What is needed> From the line that contains "Lucinda: 19RB Huge space small tow weight!" to the last line of the data, every line is to be transcribed exactly; no other line is to be included.

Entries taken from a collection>
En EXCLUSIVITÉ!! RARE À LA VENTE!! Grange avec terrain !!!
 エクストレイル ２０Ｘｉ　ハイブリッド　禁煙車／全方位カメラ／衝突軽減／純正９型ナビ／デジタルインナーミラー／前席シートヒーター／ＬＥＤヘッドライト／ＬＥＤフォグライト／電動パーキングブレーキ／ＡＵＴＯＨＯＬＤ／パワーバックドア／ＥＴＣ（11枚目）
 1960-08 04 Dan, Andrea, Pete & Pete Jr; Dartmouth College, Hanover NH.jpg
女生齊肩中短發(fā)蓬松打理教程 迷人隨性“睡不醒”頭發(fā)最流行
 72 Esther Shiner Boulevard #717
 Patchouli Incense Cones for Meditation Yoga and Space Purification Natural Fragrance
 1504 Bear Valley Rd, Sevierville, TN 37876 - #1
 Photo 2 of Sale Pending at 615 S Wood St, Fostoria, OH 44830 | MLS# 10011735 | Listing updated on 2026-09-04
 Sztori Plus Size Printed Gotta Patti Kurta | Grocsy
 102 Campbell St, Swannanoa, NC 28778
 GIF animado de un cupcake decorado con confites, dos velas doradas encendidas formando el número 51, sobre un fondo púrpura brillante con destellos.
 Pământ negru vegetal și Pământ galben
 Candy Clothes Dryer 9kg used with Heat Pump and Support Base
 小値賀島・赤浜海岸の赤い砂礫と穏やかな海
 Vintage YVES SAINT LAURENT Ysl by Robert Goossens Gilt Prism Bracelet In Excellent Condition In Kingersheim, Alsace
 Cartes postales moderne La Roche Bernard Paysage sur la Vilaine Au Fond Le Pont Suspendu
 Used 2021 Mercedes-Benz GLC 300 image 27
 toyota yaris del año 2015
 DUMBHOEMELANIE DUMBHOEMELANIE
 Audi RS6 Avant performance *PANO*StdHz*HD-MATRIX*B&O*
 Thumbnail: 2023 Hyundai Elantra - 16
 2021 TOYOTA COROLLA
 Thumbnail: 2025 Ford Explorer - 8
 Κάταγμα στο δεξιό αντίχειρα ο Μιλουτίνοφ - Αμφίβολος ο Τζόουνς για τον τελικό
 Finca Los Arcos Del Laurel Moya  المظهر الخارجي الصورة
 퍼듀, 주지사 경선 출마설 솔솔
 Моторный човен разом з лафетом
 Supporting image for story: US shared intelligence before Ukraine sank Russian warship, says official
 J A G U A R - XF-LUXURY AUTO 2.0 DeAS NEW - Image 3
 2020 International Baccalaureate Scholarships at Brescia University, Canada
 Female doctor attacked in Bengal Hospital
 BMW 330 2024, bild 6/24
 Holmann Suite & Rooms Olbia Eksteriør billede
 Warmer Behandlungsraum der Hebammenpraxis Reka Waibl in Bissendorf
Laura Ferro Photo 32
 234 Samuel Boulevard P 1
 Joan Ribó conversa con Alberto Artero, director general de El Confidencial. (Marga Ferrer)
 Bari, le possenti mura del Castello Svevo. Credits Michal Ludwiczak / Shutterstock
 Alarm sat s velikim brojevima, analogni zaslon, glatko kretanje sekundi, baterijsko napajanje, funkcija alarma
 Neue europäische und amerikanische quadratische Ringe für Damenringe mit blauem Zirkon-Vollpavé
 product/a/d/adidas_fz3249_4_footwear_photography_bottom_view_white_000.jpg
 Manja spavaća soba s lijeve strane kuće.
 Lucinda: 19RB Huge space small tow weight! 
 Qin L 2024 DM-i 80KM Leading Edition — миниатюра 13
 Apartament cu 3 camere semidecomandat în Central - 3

Written solution>
 Lucinda: 19RB Huge space small tow weight! 
 Qin L 2024 DM-i 80KM Leading Edition — миниатюра 13
 Apartament cu 3 camere semidecomandat în Central - 3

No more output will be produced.